The tilt switch 19 switches on the servomotor 9, and the latter moves the trolley 7 in direc tion C outwardly until the support elements 17 no longer abut against the vehicle 2, or abut against it with only very slight pressure.

Consequently, the air supply duct 14 swings back to its vertical position, and the tilt switch 19 switches the servomotor 9 to the opposite direction of rotation. As however, in this direction, as a result of the free wheel a driving force is transmitted to one of the wheels 8 of the trolley 7, the trolley 7 is now only under the influence of the loading weight 12. Via the trolley 7, the loading weight 12 applies to the air supply duct 14 a force directed towards the side surface 2a of the vehicle in direction D. The support elements 17, however, are not applied to the side surface 2a by this force.

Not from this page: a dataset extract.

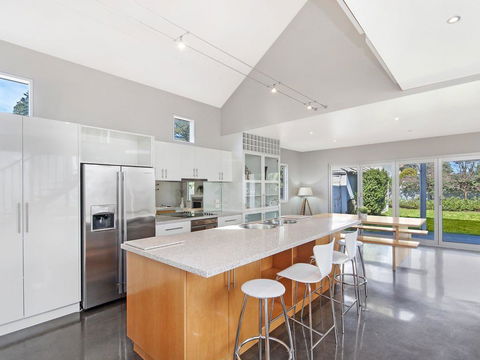 Riverend Regent - Australian Directory 0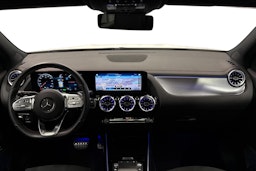 valkoinen Mercedes-Benz EQA 2022 kuva 8.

On the contrary, in the region between the slot nozzle 16 and the projecting support elements 17 is formed an air cushion which keeps the slot nozzle 16 at a distance from the side surface 2a. Another effect of the air cushion is that the support elements 17 no longer abut against the side surface, or abut against it with very slight force only. The air cushion keeps the slot nozzle 16 at a constant distance from the vehicle side surface 2a, against the force of the loading weight 12. The aforementioned free wheel may also be incorporated in the drive wheel 8.

For vehicles of normal width b2 or extrawide vehicles b3, the air supply duct 14 is moved further outwards accordingly by the servomotor 9. If, in case of particularly wide vehicles, the air supply duct 14 is inclined at a greater angle to the vertical, then the tilt switch 20 switches off the drive motor of the conveyor belt for a short time and the vehicle is thus stopped until the air supply duct 14 and its slot nozzle 16 are located outside of the side surface 2a of the vehicle.

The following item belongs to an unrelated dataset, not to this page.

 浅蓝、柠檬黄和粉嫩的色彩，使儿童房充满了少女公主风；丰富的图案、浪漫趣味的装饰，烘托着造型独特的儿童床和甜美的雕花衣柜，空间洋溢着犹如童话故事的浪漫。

Since, in the practical example shown, the left-hand wheels of the vehicle 2 are guided in the track rail 4, due to the different vehicle widths bl, b2 and b3 the right-hand air supply duct must be mounted so as to be capable of deflection perpendicularly to the direction of travel B of the vehicle over a greater distance in the manner described. To dry the left-hand side surface 2c, an air supply duct could be mounted rigidly, as here the distance between the slot nozzle and the side surface 2c varies only within a range of approx. 20 cm with wider and narrower vehicles. It is, however, economically justifiable to provide a drying apparatus correspond ing to the drying apparatus described above, symmetrically for the lefthand side surface 2c as well.Due to the fact that the slot nozzle is then always kept at an optimum distance from the side surface 2c, energy is saved and noise emission is reduced.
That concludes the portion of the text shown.